What is needed
Below is a listing with pictures in it; transcribe exactly the lines from the one that has "If you're estimating" through the one that has "For more information", and omit those pictures.

Records for the task
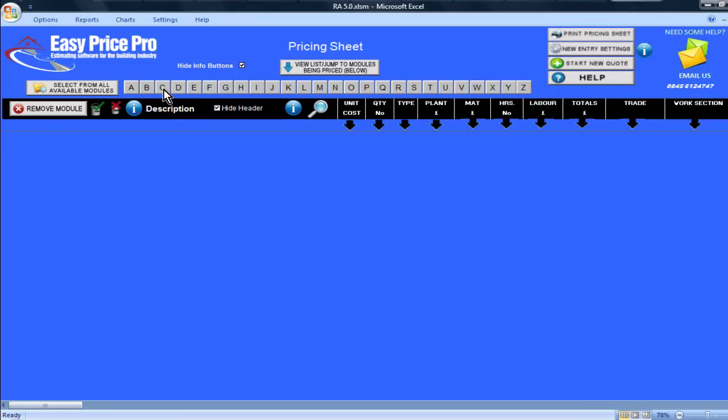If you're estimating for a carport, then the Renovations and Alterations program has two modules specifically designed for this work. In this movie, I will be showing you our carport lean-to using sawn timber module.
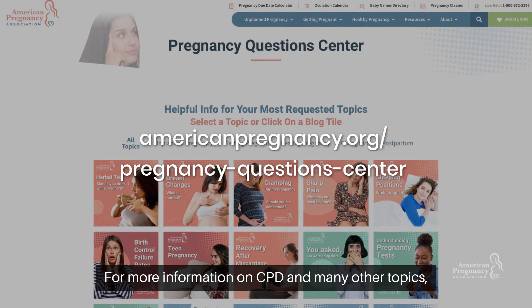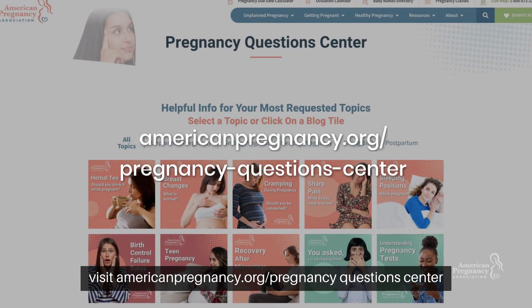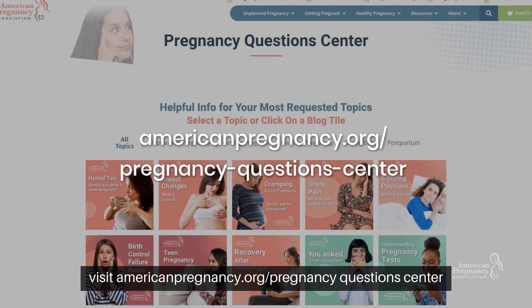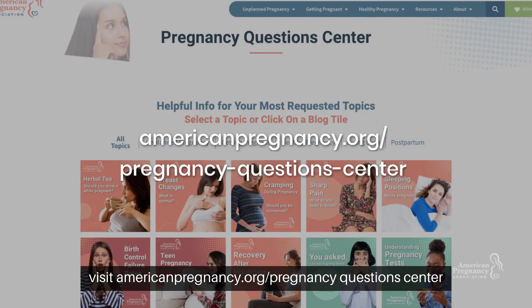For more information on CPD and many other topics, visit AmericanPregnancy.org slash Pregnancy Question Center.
* * *
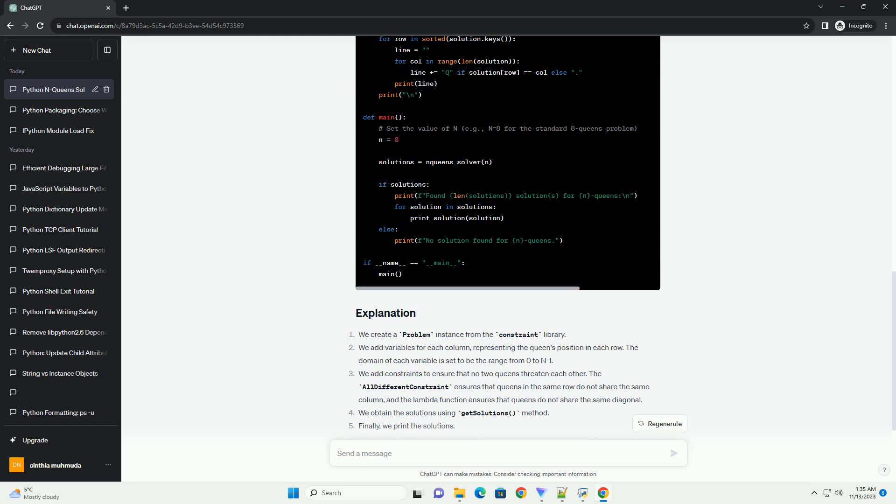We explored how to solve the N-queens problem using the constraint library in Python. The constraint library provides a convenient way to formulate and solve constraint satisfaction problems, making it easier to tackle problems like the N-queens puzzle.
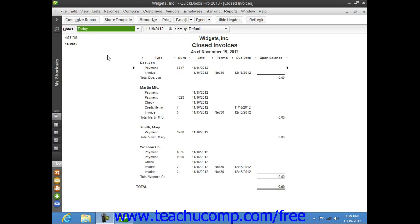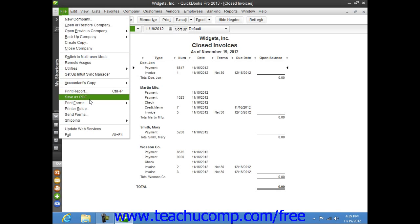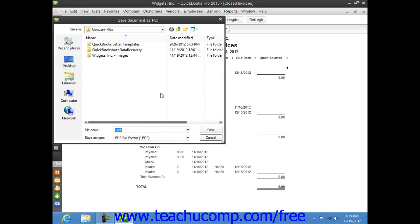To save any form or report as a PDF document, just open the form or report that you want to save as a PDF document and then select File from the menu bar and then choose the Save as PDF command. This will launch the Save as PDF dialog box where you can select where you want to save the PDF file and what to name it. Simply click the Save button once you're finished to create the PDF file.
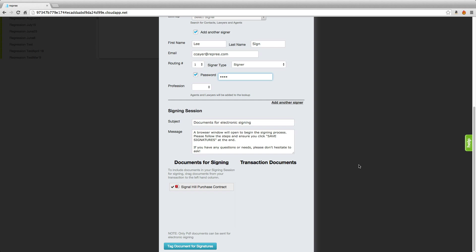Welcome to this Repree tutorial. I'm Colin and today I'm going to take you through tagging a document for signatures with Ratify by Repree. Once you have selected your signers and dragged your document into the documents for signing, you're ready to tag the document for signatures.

Solution to the problem
If you're estimating for a carport, then the Renovations and Alterations program has two modules specifically designed for this work. In this movie, I will be showing you our carport lean-to using sawn timber module.
For more information on CPD and many other topics, visit AmericanPregnancy.org slash Pregnancy Question Center.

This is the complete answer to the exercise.